In Colorado and Utah, opponents argue that wolves would inflict costly and cruel losses on cattle and sheep and decimate big game herds that support the lucrative hunting industry. They also say Mexican wolves aren't native to their states, and bringing them in could taint the gene pool if they bred with gray wolves roaming down from the northern Rockies.

"We don't need to introduce another large predatory carnivore to the state," Colorado Wool Growers Association director Bonnie Brown told the Colorado Parks and Wildlife Commission last week. Mountain lions are already killing pets in urban areas bordering open country.

Wolf advocates say the fears are overblown, and that Mexican wolves need more ranges to avoid extinction. Parts of Colorado and Utah would be ideal for wolves, said Jonathan Proctor of Defenders of Wildlife, and he argued that both states are within the wolves' historical range.

The West needs wolves to help restore balance to the environment, he said.

"It's we humans who have eradicated all the wolves from the West," Mr. Proctor said. "It's our responsibility to bring this animal back."

Wolves have long been deeply divisive subject in the region. They were hunted, trapped or driven out of many areas by the end of the last century and were regarded as a menace to largely defenseless sheep and cattle. But they also became a symbol for the environmental movement, a noble if fearsome avatar of the wild.

To support their arguments, both sides point to the northern Rockies, where the Fish and Wildlife Service estimates about 1,800 gray wolves live in Idaho, Montana, Oregon, Washington and Wyoming.

Wolves began killing hundreds of sheep and cattle after their release in the northern Rockies about 20 years ago, and big game populations fell drastically in some areas, officials said.

But they say cattle deaths are declining and game herds are rebounding since wolves were removed from Endangered Species Act protection in Idaho and Montana in 2011. The Fish and Wildlife Service then turned over wolf management to the states, which allow some hunting and sometimes remove or kill problem wolves.

"We know the wolf population is doing fine and continues to expand," said Mike Jimenez, northern Rockies wolf coordinator for the Fish and Wildlife Service. "We use lethal control on wolves that are causing big problems."

Overall agricultural losses are low, but to an individual rancher, they can be devastating, he said.

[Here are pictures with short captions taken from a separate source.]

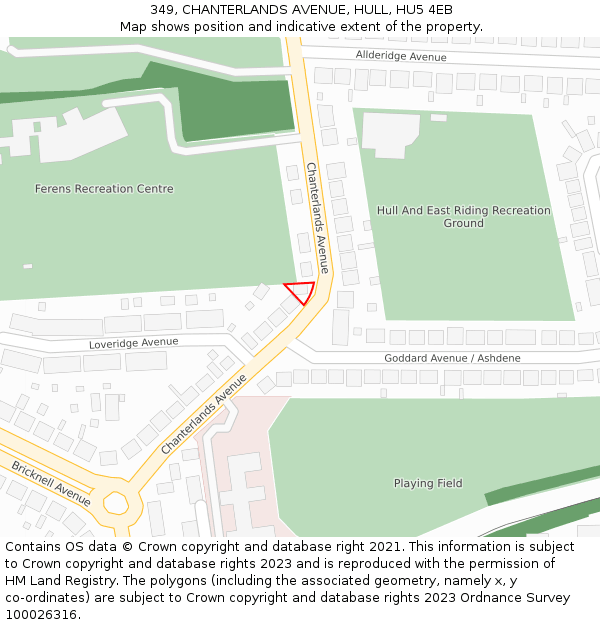 349, CHANTERLANDS AVENUE, HULL, HU5 4EB: Location map and indicative extent of plot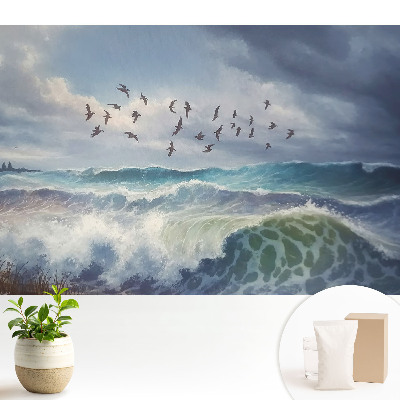 Tapeta na zeď Skupina ptáků mořských vln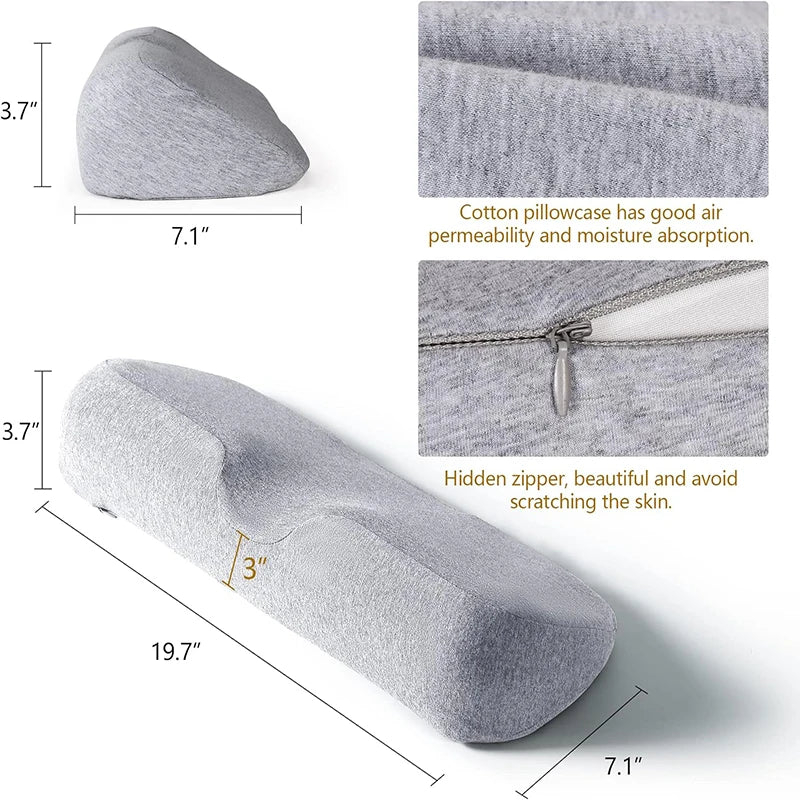 Zimonto - Cervical Pillow, Memory Foam Contour Pillow, Bed Pillows for Side Sleeper Ergonomic Orthopedic Sleeping Pillow, Neck Pillow Light Gray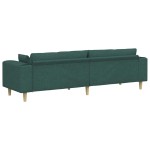 vidaXL Sofa din material textil cu pernă Verde închis 208 cm țesătură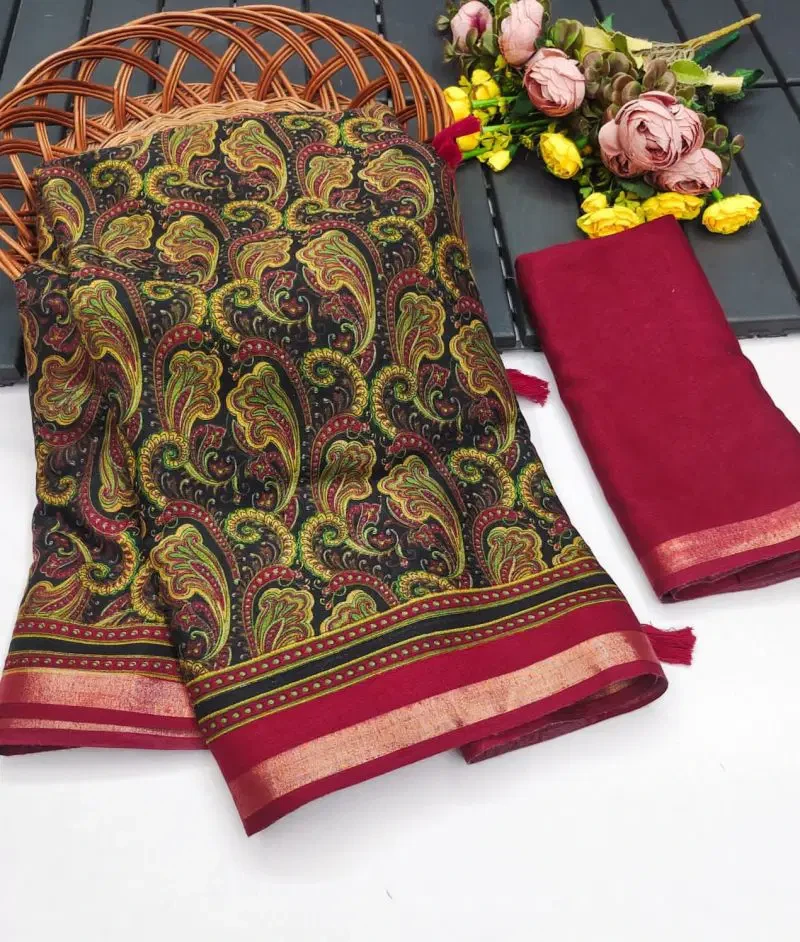 Myra Vol 14 Soft Mul Cotton Ajrakh Printed Saree Collection 9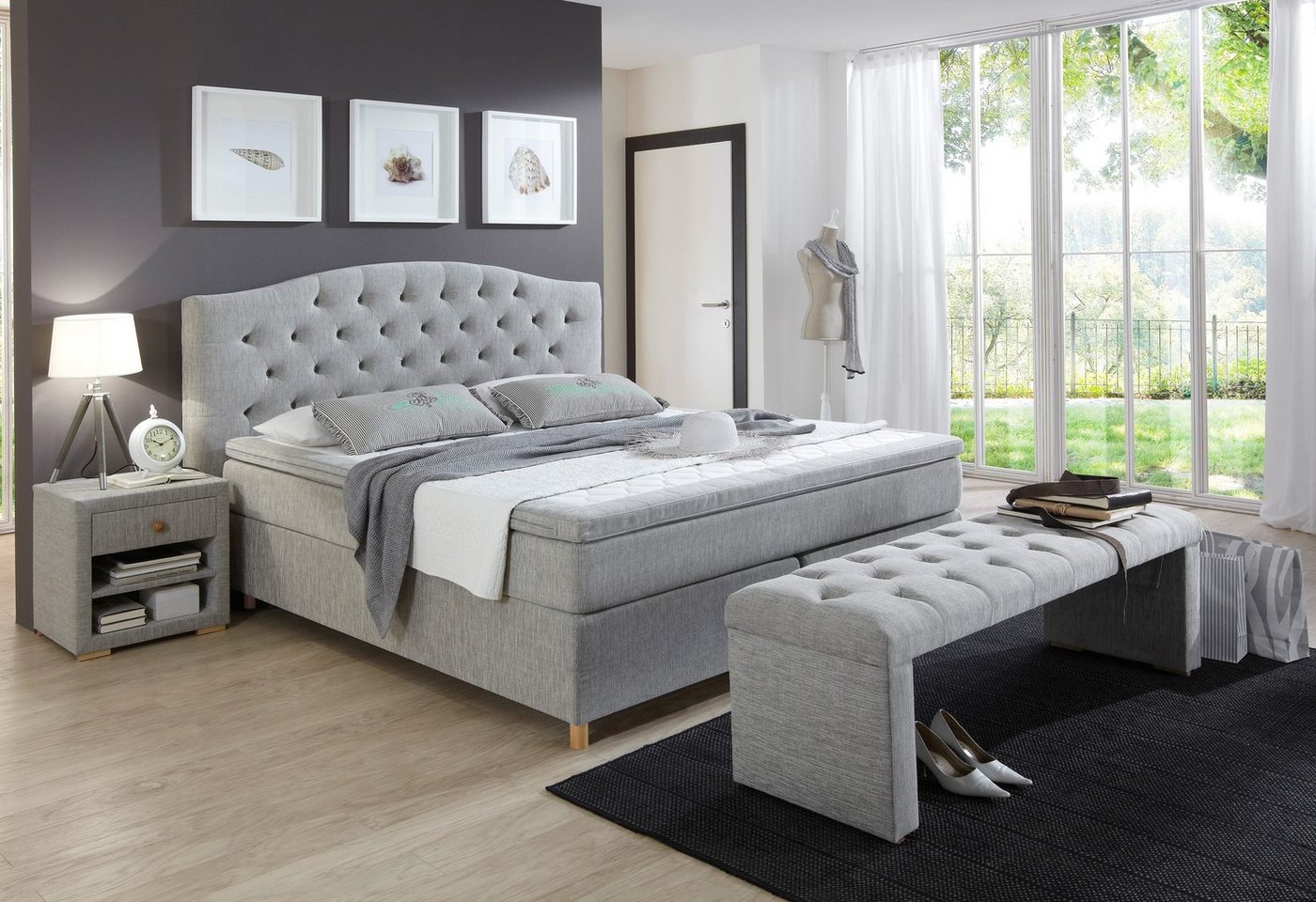 Home affaire Boxspringbett "Claire", mit Vollmassiv-Unterbox, incl. Topper, günstig online kaufen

In Idaho, elk numbers have begun to rebound since the state began managing wolves, state Fish and Game spokesman Mike Keckler said.

"And we still have a very sustainable wolf population in our state," he said. "So we feel like we're making progress in bringing balance."

Wolves were briefly removed from federal protection in Wyoming, but safeguards were restored after environmental groups filed lawsuits challenging state management plans. The state is appealing the decision.

Legal wrangling is part of what makes wolves so aggravating, said Jim Magagna, executive vice president of the Wyoming Stock Growers Association.

"We have learned to live with them," he said of the estimated 330 wolves in Wyoming. "We have not learned to live with the never-ending process."